Escalating Russian aggression and LNG supply shortfalls, exacerbated by outages in the U.S. and Australia, have put the pressure back on international gas markets and sent prices in Europe and Asia back toward their winter highs. Around the world, high prices have pushed some end users out of the LNG market and spurred on the global, cross-commodity energy shortage that has had utilities and governments scrambling, sometimes unsuccessfully, to keep the power on. The European Union (EU) is pushing its members to reduce gas consumption by 15% through winter and parts of Europe face austerity measures. Some European countries are turning back to coal generation as the continent prepares for the prospect of a winter with less — or potentially even no — Russian gas. In today’s RBN blog, we look at where things stand in the international gas market and the ramifications for the winter ahead and beyond.

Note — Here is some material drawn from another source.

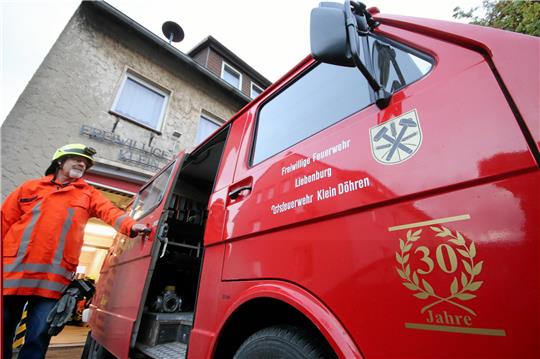 Wie lange soll ein Feuerwehrfahrzeug in Dienst bleiben? Was soll den Ausschlag geben? Klar: Es ist wünschenswert, dass es nicht mehr als 30 Jahre sind, so wie bei diesem alten Fahrzeug der Klein Döhener Wehr, das inzwischen ersetzt worden ist. Aber die finanziellen Rahmenbedingungen des Haushalts geben der Gemeinde einen geringen Spielraum vor. Archivfoto: Gereke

Pressure has been building in the global gas market for some time. There have been some lulls and intermittent periods when the pressure has backed off and prices slipped, but the market has been tight and fundamentally bullish since fall 2020. Since the market recovered from its COVID-induced low point in summer 2020, overall gas and especially LNG supplies have struggled to keep pace with demand, even with U.S. LNG export capacity additions of about 2 Bcf/d since fall 2020 and an increase of 4.5% in global LNG trade in 2021, according to the International Gas Union (IGU). The market has seen a perfect storm of weather events, high global demand, low renewable output in key regions and, of course, a war that has pitted the largest gas supplier to Europe against the Western world, sending global gas prices repeatedly to all-time highs and upending the historical pecking order for prices. Over the years, Europe has increased its reliance on Russian gas, even as the U.S. and even some countries within Europe cautioned that Putin could use it against them, and tensions over gas supplies began well before Russia’s invasion of Ukraine. And while Russia has long denied doing any such thing, it is difficult to see how the curtailments, slowdowns and shut-offs are not politically motivated. Russia's state-owned Gazprom warned Monday that flows on the Nord Stream 1 pipeline to Germany would be cut to 20% of the pipe’s capacity (from 40%), effective Wednesday –– it blamed sanctions-related trouble with a turbine (more on this in a moment).

Storage and Pricing

Russian gas exports to Europe were well below seasonal norms in the spring and summer of 2021 and LNG imports sagged as U.S. exports went mostly to Asia and Latin America. With low levels of LNG and piped imports from Russia, Europe struggled to refill its depleted storage inventories (see It’s Too Late) and, as a result, inventory levels in 2021 (navy-blue line, Figure 1) began withdrawal season at their lowest in over a decade.